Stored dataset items
........
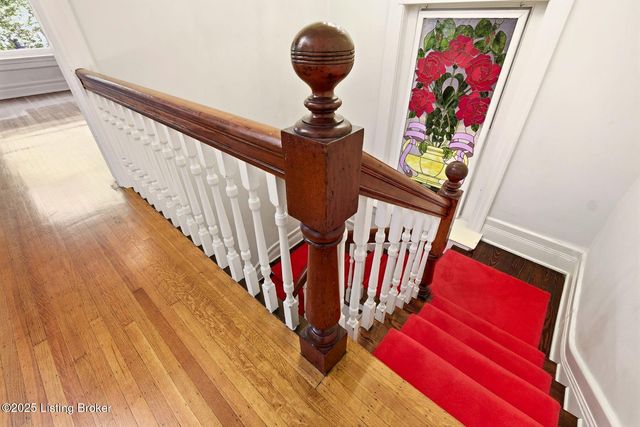 1515 S 3rd St, Louisville, KY 40208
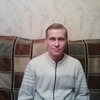 Evgen, 39, г.Магнитогорск Evgen, 39, г.Магнитогорск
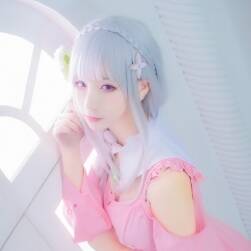 自收集美少女網(wǎng)絡(luò)高清圖集【1203P 1.38G】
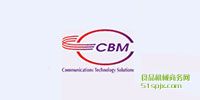 CBM America CorporationӡC(j)/΢/m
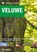 Veluwe, Dirk Hilbers - Paperback - 9789491648199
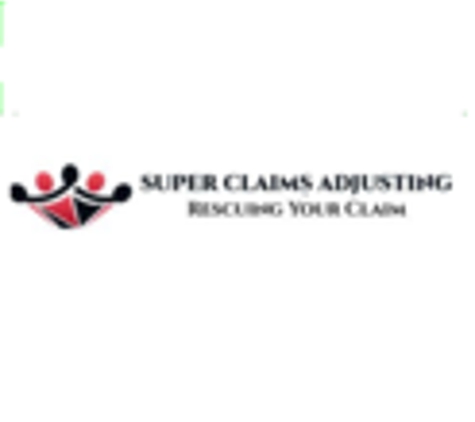 Super Claims Adjusting - Minneola, FL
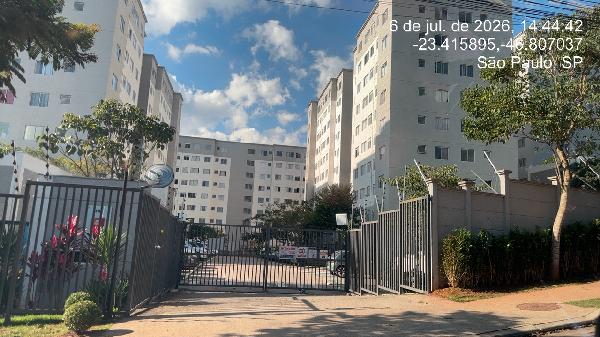 Imóvel em destaque
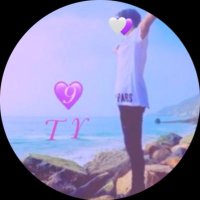 すず💜りん🍷🇫🇷🇺🇸🇨🇦🇪🇸🇮🇸🇯🇵🇹🇭 🇬🇪 (@suzurara49) 's Twitter Profile Photo すず💜りん🍷🇫🇷🇺🇸🇨🇦🇪🇸🇮🇸🇯🇵🇹🇭 🇬🇪 (@suzurara49) 's Twitter Profile Photo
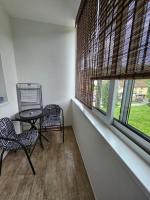 Apartment Harmony - B&B Visoko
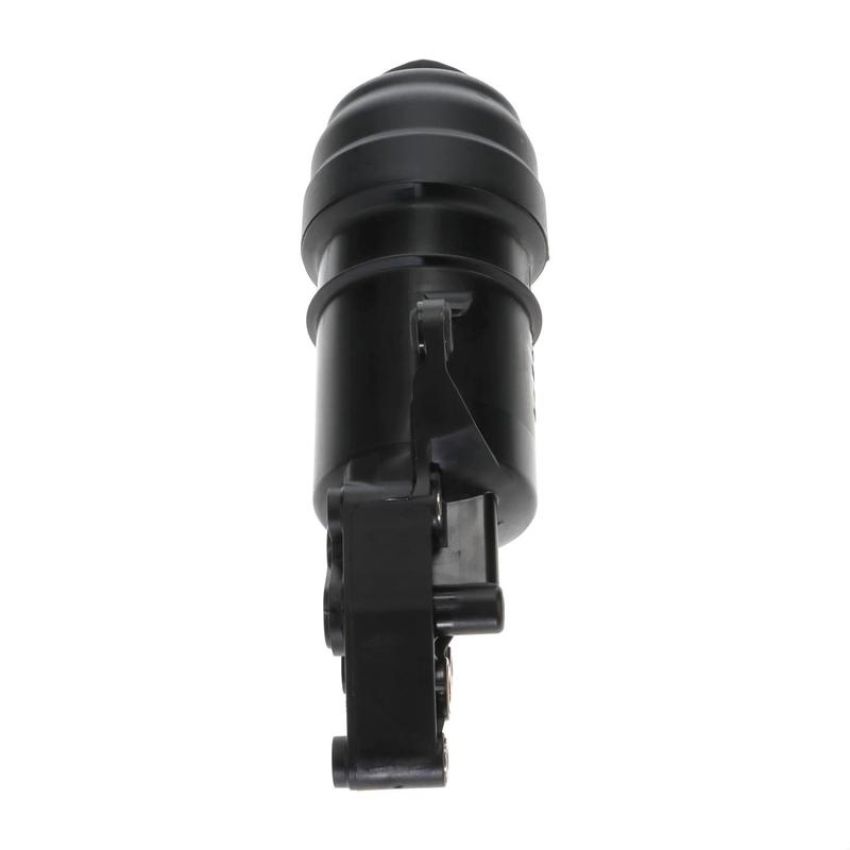 Standard Ignition OFH131 Engine Oil Filter Housing Assembly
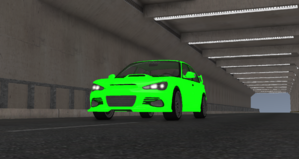 screenshot_00131.png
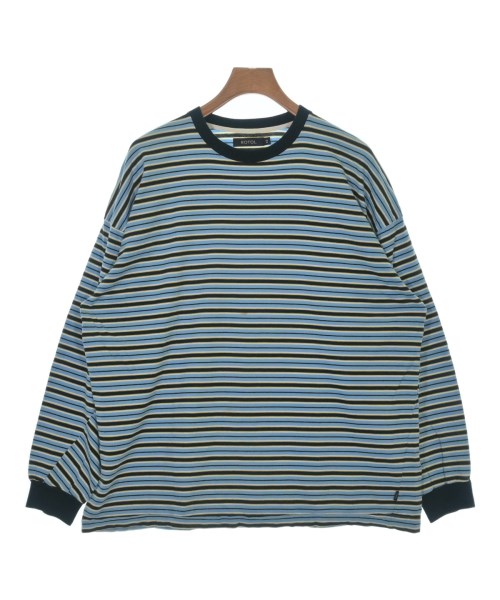 ロトル(ROTOL)のROTOL Tシャツ・カットソー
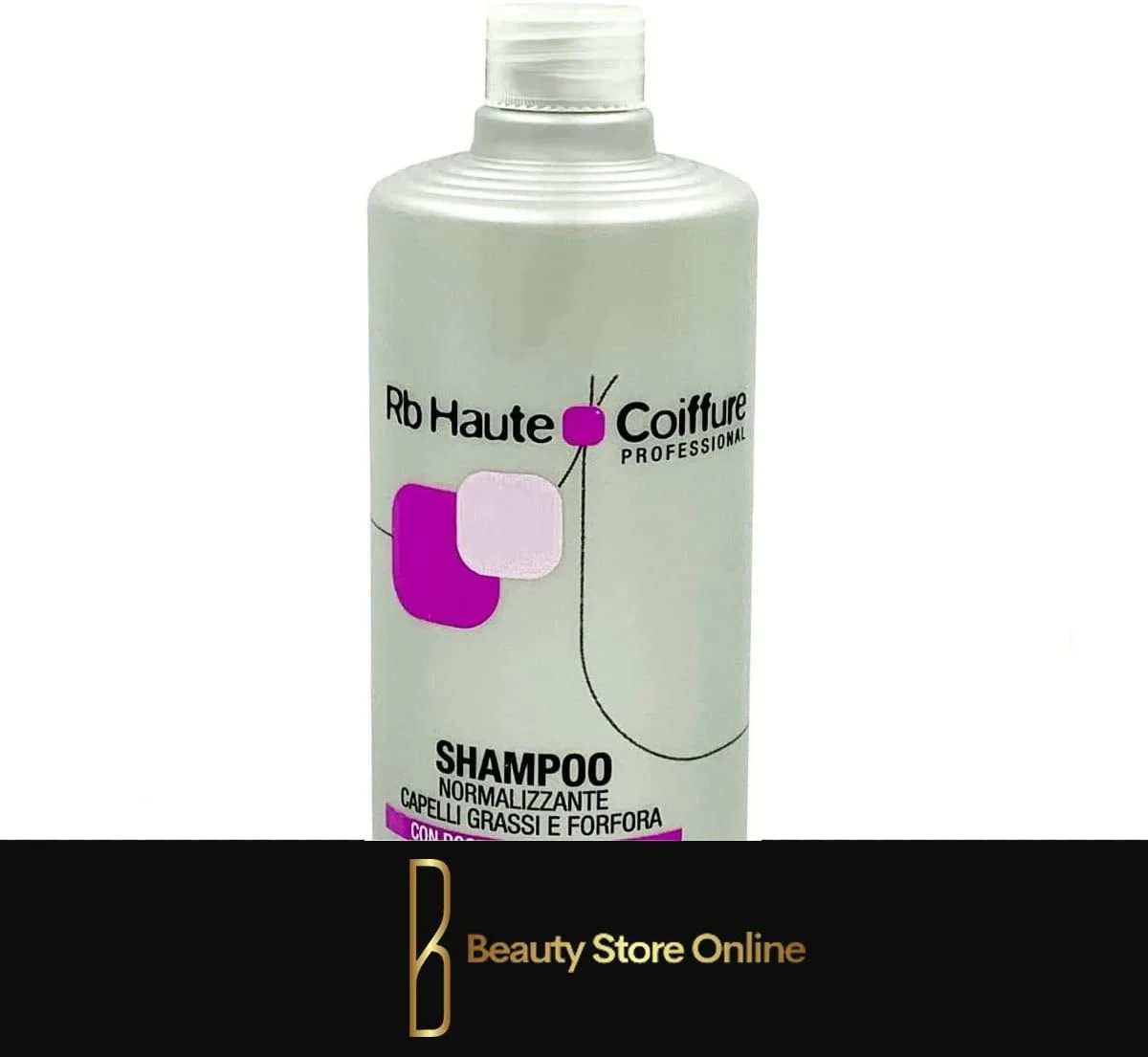 شامپو نرمال کننده رنه بلانش با عصاره گزنه و رزماری ۱۰۰۰ میلی لیتر، ایتالیا شامپو نرمال کننده رنه بلانش با عصاره گزنه و رزماری ۱۰۰۰ میلی لیتر، ایتالیا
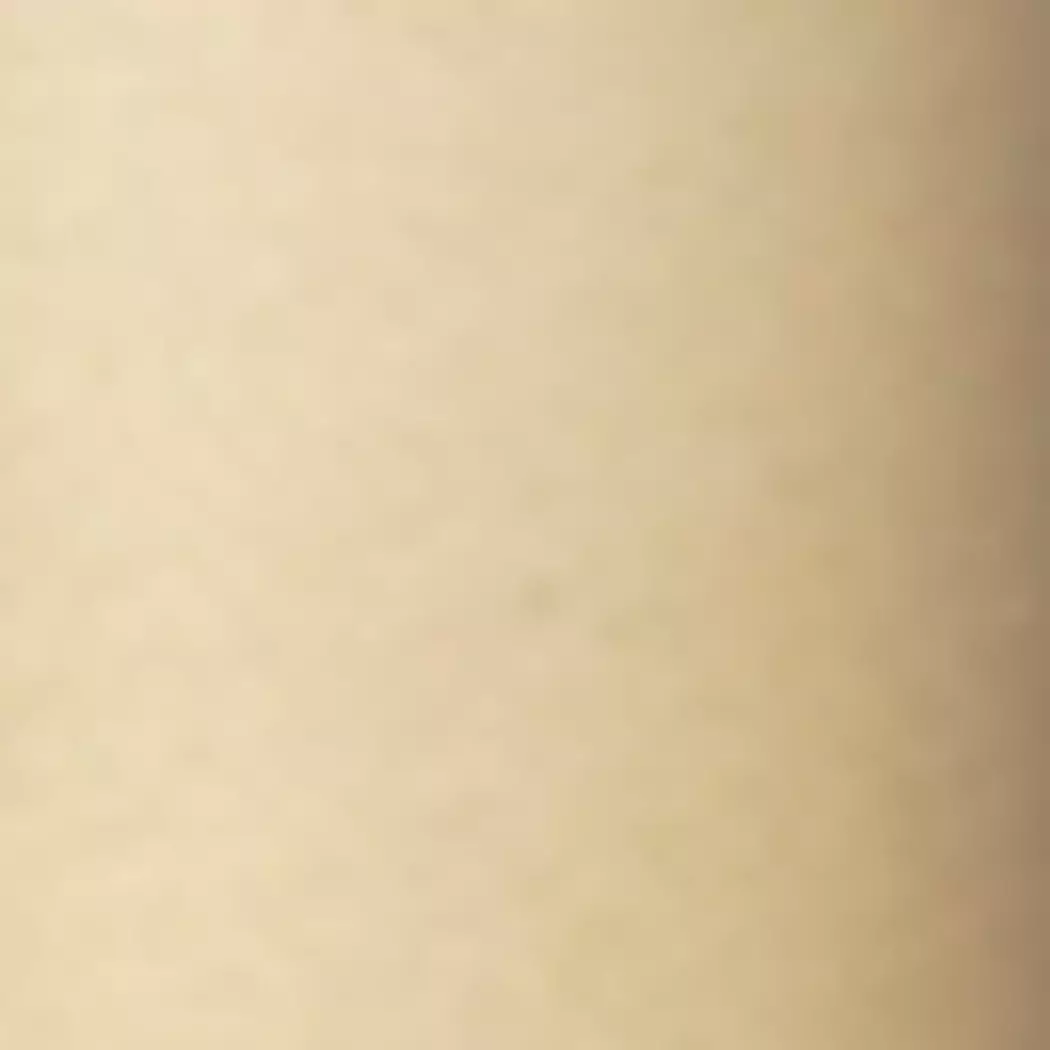 Trinkflasche Tempa L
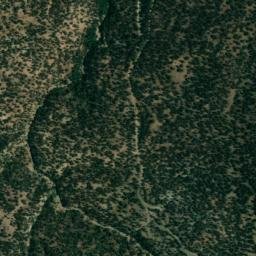 Satellite imagery of Jbel Lmehra, MA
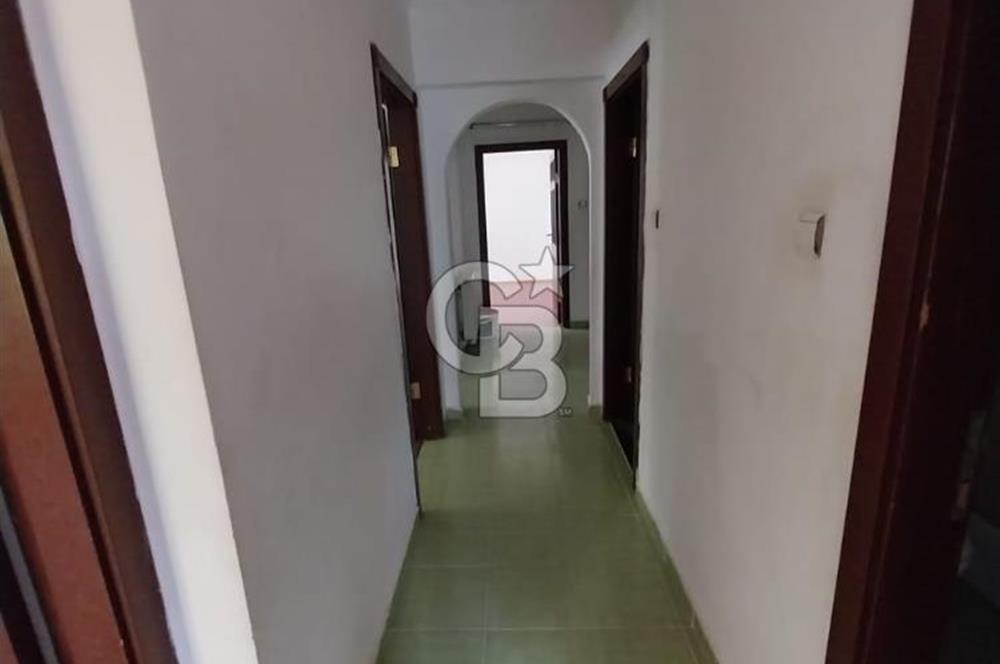 Ankara Altındağ Beşikkaya Mahallesinde Kiralık , 3+1, 120M2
........
**Exercise brief:** Starting at the line that contains "Trinkflasche Tempa L", please write out every line to the end of the entries, inclusive, copied exactly and with pictures omitted.

**Answer for the task:**
 Trinkflasche Tempa L
 Satellite imagery of Jbel Lmehra, MA
 Ankara Altındağ Beşikkaya Mahallesinde Kiralık , 3+1, 120M2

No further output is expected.